## Your goal
Copy task for the material below: print the line with "Poster Cute Rainbow" and every line after it to the end, exactly as written, without the pictures.

## Available data
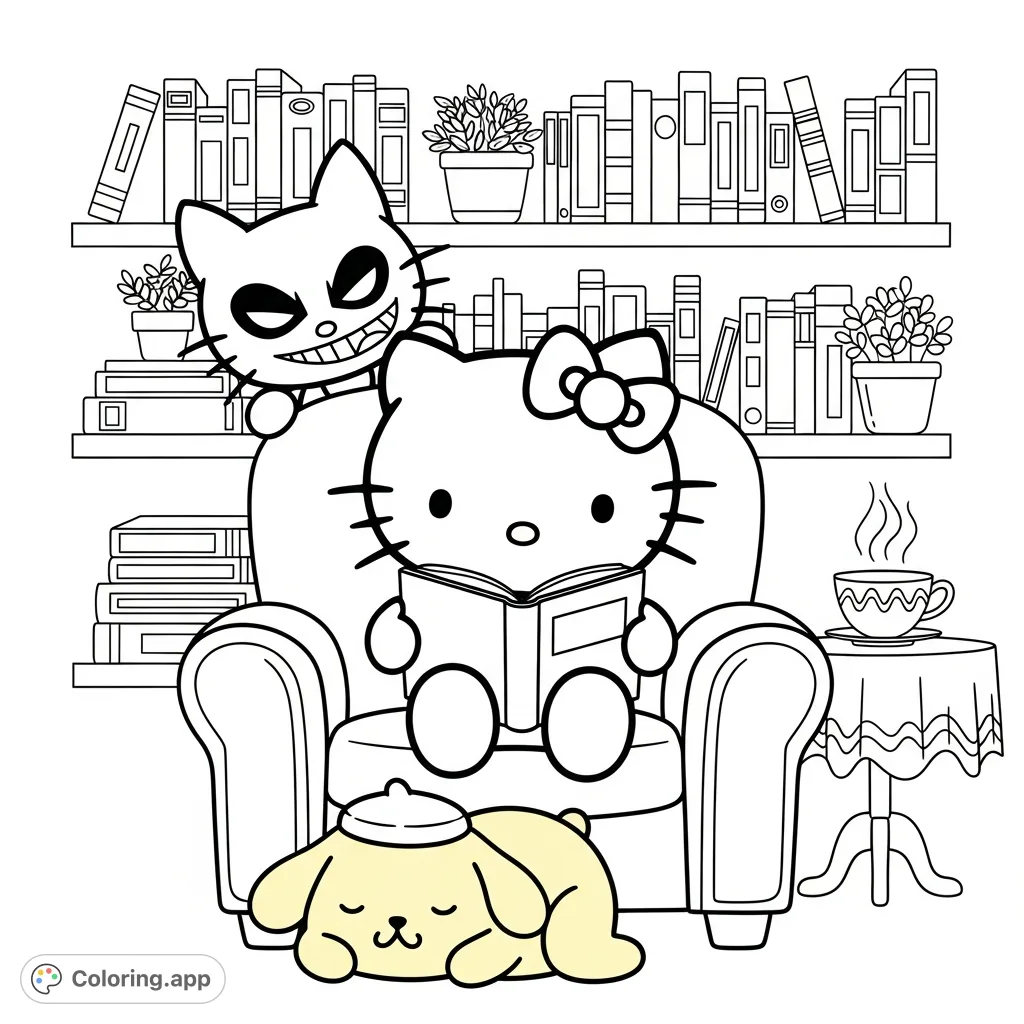Hello Kitty enjoys a book in a cozy reading nook, with Pompompurin napping and Badtz-Maru peeking. Shelves of books, plants, and a teacup complete the studious scene.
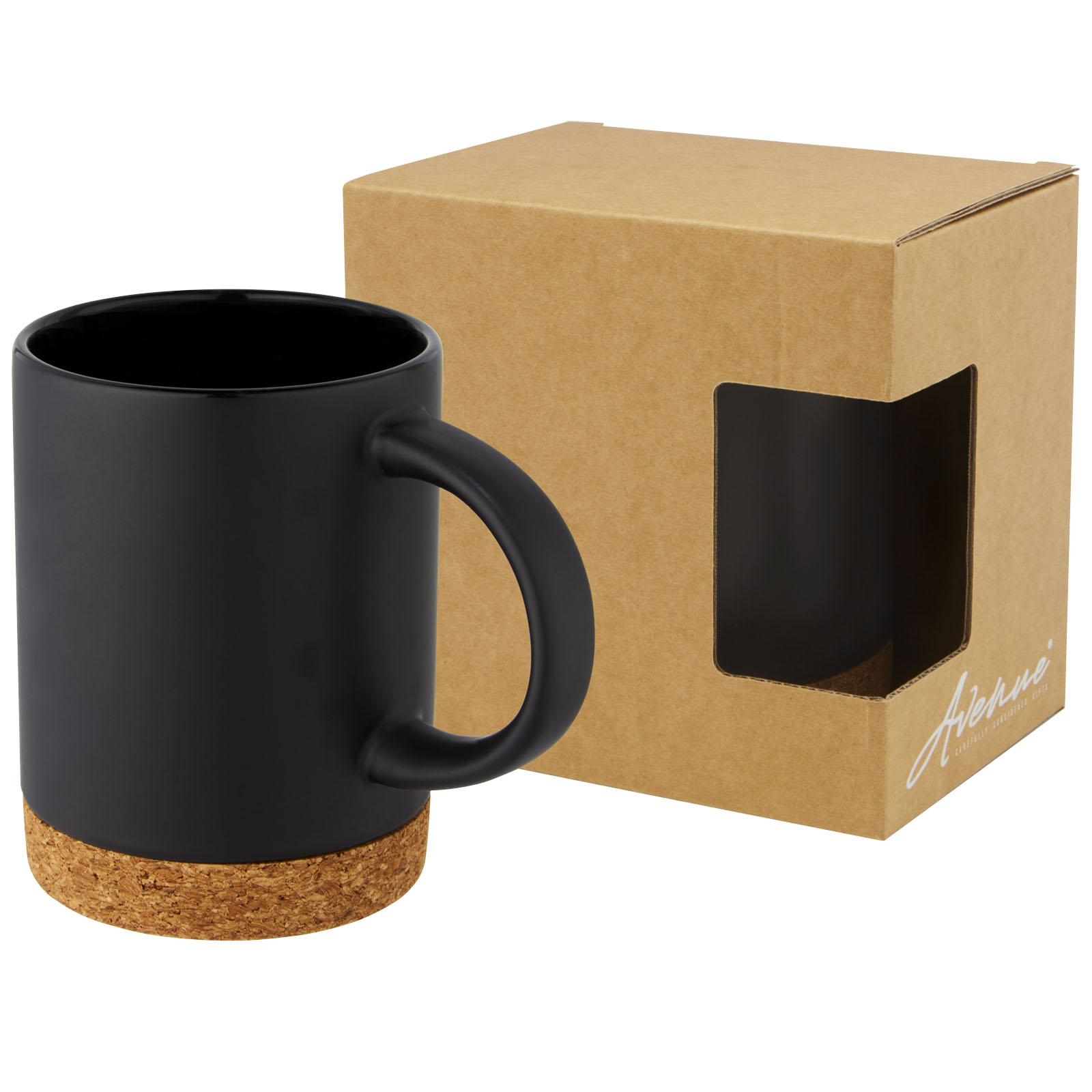 Ceramic mug PHYMA with cork base, 425 ml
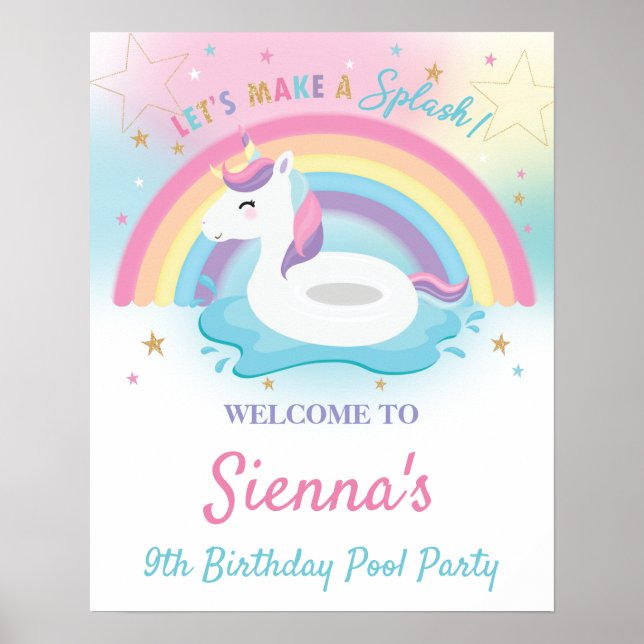 Poster Cute Rainbow Unicorn Pool Anniversaire Bienvenue (Devant)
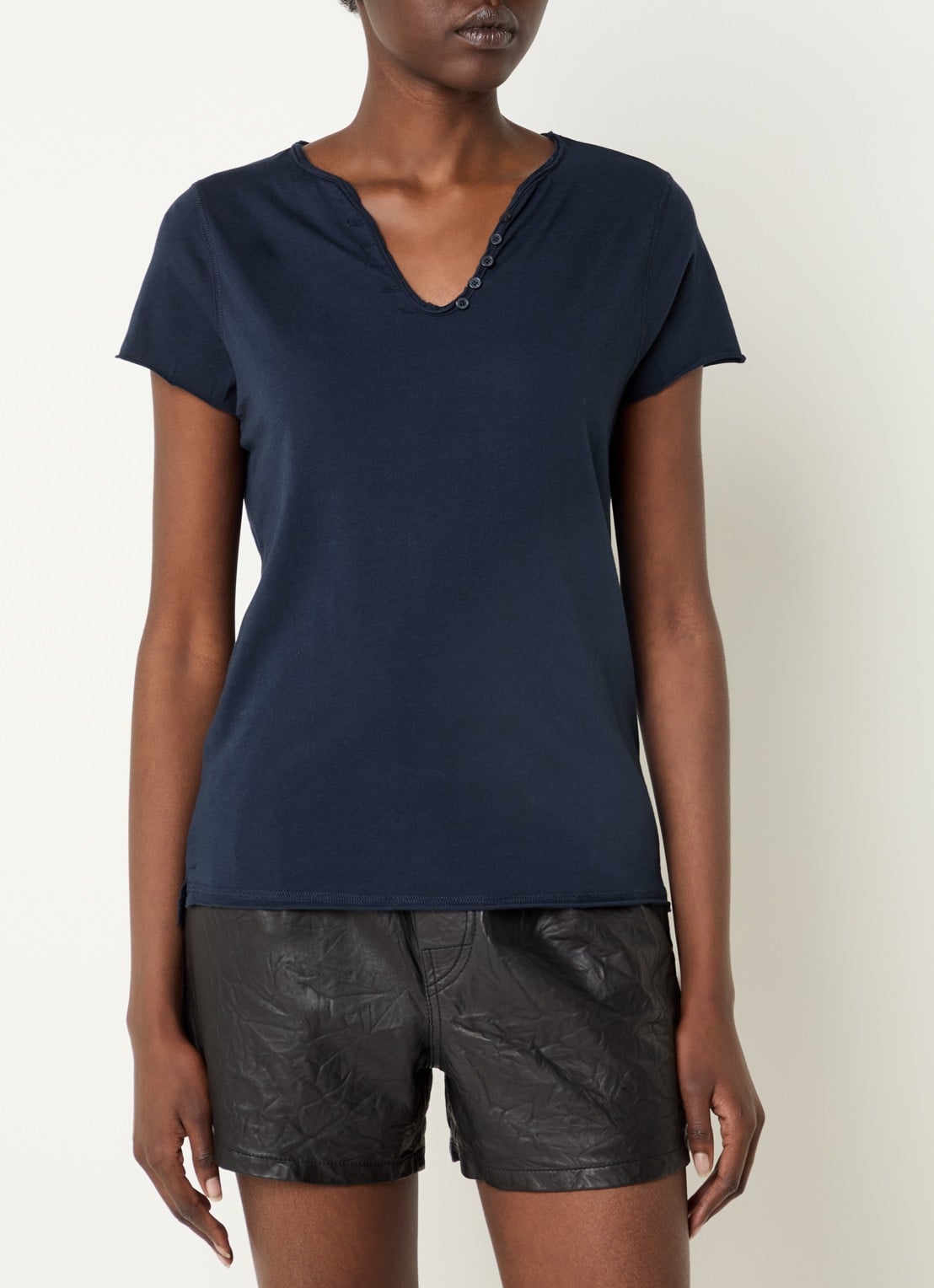 Zadig&Voltaire Tunesien T-shirt met V-hals - achterkant donkerblauw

## The completed task
 Poster Cute Rainbow Unicorn Pool Anniversaire Bienvenue (Devant)
 Zadig&Voltaire Tunesien T-shirt met V-hals - achterkant donkerblauw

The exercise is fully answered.